Ask Again Later
Posted by Anne

The answer to all life's questions
In case you’ve been wondering, the “Magic 8-Ball” was released sometime around 1950. This means it’s been providing instant guidance to soul-searching individuals for 30 years longer than I’ve been alive. This also means there’s been a Magic 8-Ball around for each and every one of my decisions, life transitions, and existential questions. You know, the big questions like, “Does the dude from statistics class really like me…like, you know, as more than just friends??” (Fear not, I haven’t asked that one in at least, oh, 4 years?)

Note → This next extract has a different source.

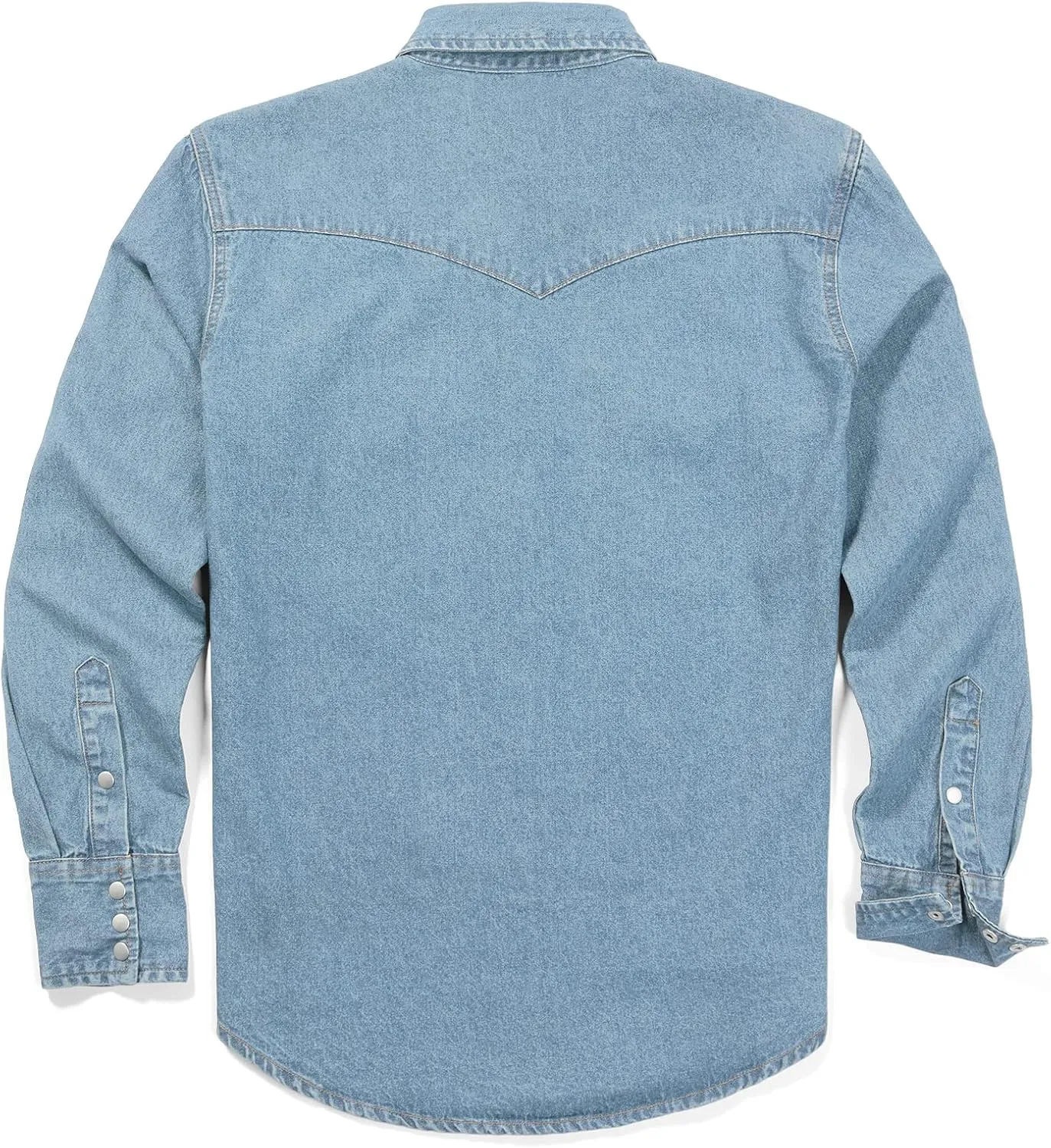 HISEA Men's Denim Shirt Long Sleeve Work Shirt Mens Regular Fit Button Down Shirts Cotton Work Shirts Washed Finish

As you are probably aware, the Magic 8 Ball dispenses tidbits of knowledge in response to the user’s frantic need to know the future. In truth, the 8-Ball’s responses are more irritating than prophetic. Who hasn’t thrown it on the floor in a fit of frustration when all it can provide is a measly “Outlook—Not So Good.” But for me, there is one 8-Ball response that outranks them all in its infuriating ambiguity: “Ask Again Later.” Oh, what…you’re too busy right now? Your cosmic sources aren’t available to provide the key to my future? (And yes, sometimes I do speak to the 8-Ball.) But in spite of my reaction, I do what the 8-Ball says. I ask again later. A whole 20 seconds later.

I hate it when the path gets foggy...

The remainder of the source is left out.